_About this exercise_: Copy the records word for word, omitting all pictures.

_Provided material_:
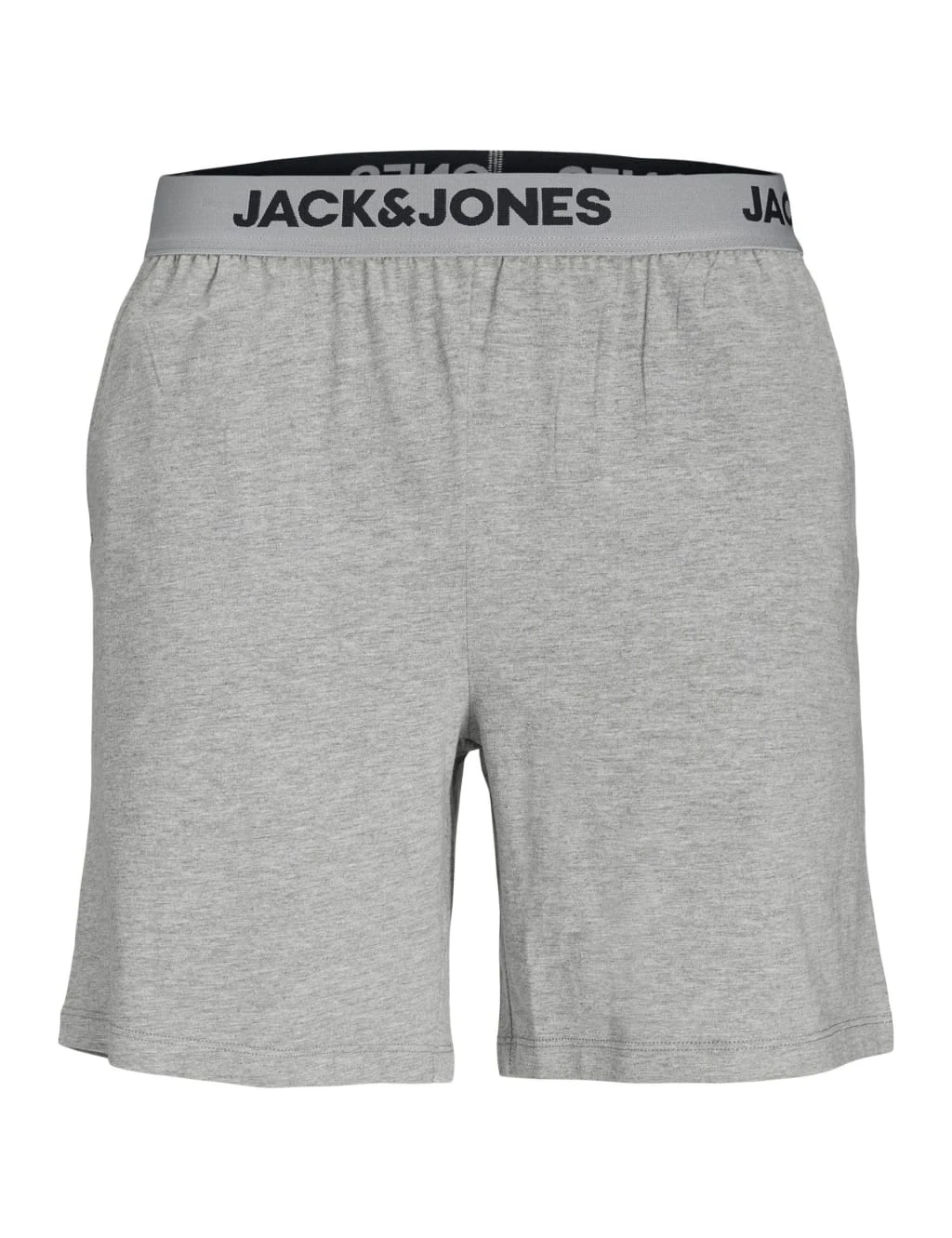 Jack & Jones Cotton Rich Printed Pyjama Set 3 Jack & Jones Cotton Rich Printed Pyjama Set - Image 3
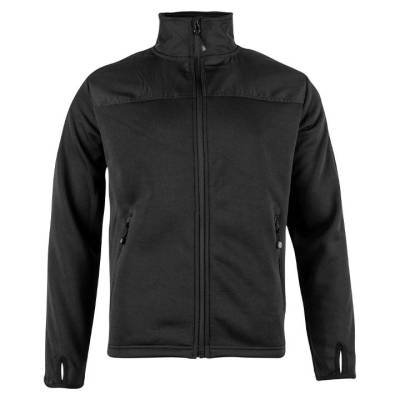 Gen 2 Special Ops Fleece Jacket product image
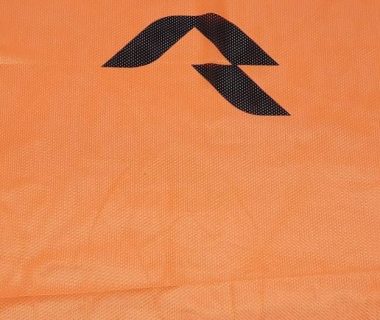 482050094 628091899835179 713354904029327860 n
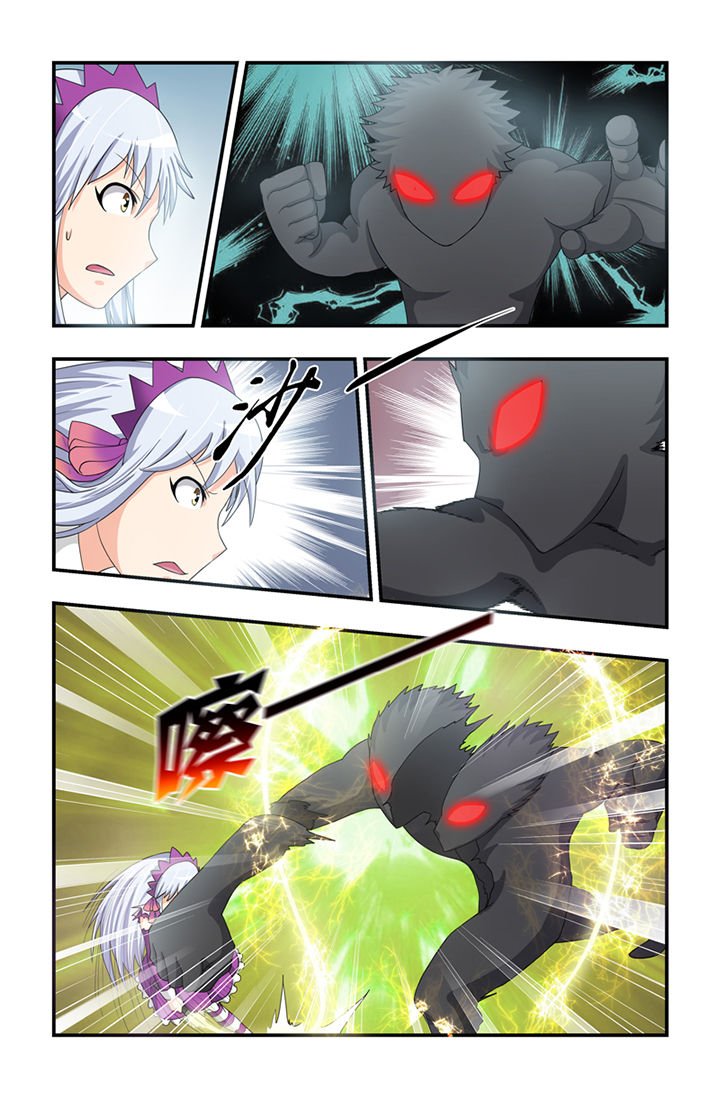 第34章：
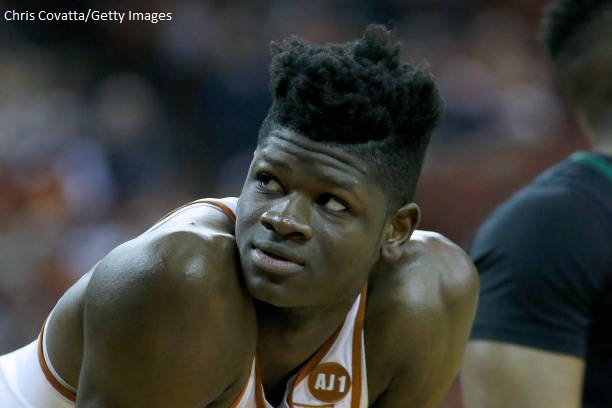 ForbesSports's tweet photo. Due to state income tax rates, tonight's No. 3 overall pick should actually stand to take home more money than the No. 2 overall pick https://t.co/JQ0RVR3yUv https://t.co/BUz3uS7PyJ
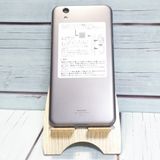 UQ�� AQUOS L2 SH-L02 SHU31SKU Black  �ۤܿ��� 341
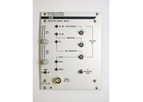 Hugo Sachs - Ventilation Options Unit for IPL-2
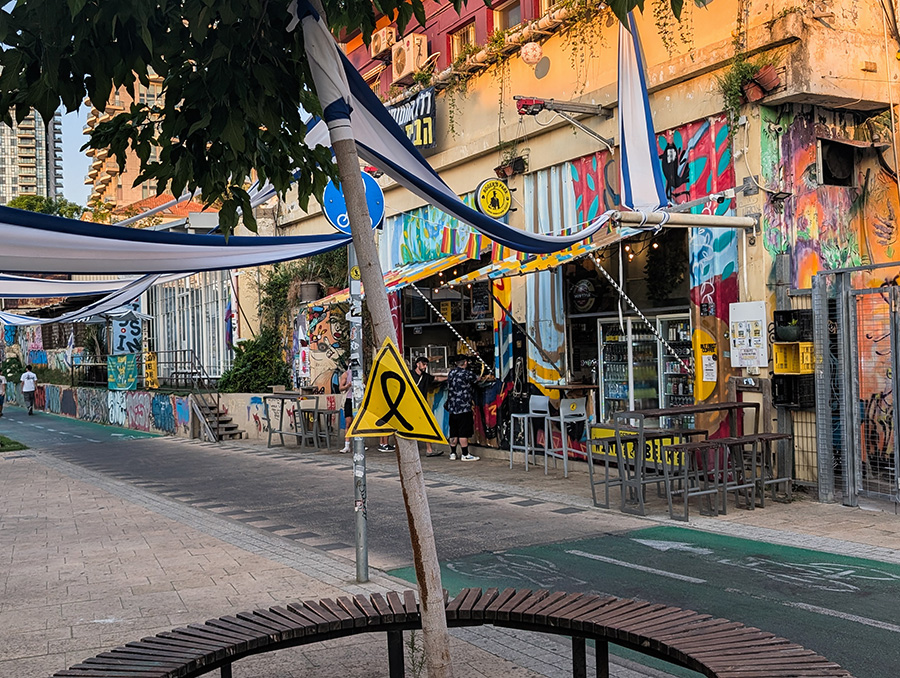 Фото: Валентина Шварцман / РБК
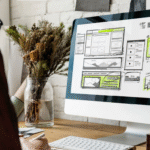 trendzguruji.me Awareness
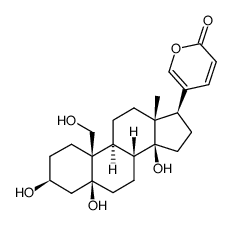 嚏根草醇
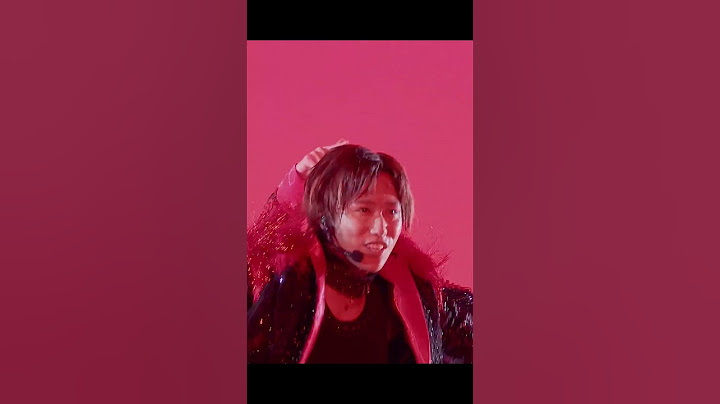 [Snow Man 1st DOME tour 2023 i DO ME] 'Cry out' live performance sneak peek! #SnowMan #Cryout
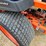 kubota-z122e-image-13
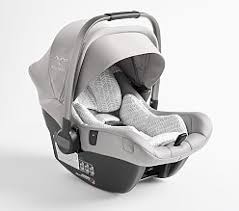 Nuna X Pbk Pipa Lite Lx Infant Car Seat Base Broken Arrow Baby Car Seats Car Seats New Baby Products
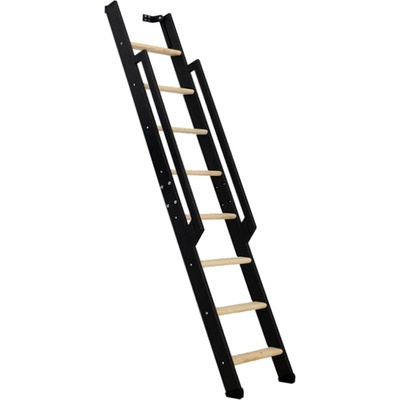 Scobalit Archistep Strong 190 cm 36 x 210 cm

_Solution_:
 Jack & Jones Cotton Rich Printed Pyjama Set 3 Jack & Jones Cotton Rich Printed Pyjama Set - Image 3
 Gen 2 Special Ops Fleece Jacket product image
 482050094 628091899835179 713354904029327860 n
 第34章：
 ForbesSports's tweet photo. Due to state income tax rates, tonight's No. 3 overall pick should actually stand to take home more money than the No. 2 overall pick https://t.co/JQ0RVR3yUv https://t.co/BUz3uS7PyJ
 UQ�� AQUOS L2 SH-L02 SHU31SKU Black  �ۤܿ��� 341
 Hugo Sachs - Ventilation Options Unit for IPL-2
 Фото: Валентина Шварцман / РБК
 trendzguruji.me Awareness
 嚏根草醇
 [Snow Man 1st DOME tour 2023 i DO ME] 'Cry out' live performance sneak peek! #SnowMan #Cryout
 kubota-z122e-image-13
 Nuna X Pbk Pipa Lite Lx Infant Car Seat Base Broken Arrow Baby Car Seats Car Seats New Baby Products
 Scobalit Archistep Strong 190 cm 36 x 210 cm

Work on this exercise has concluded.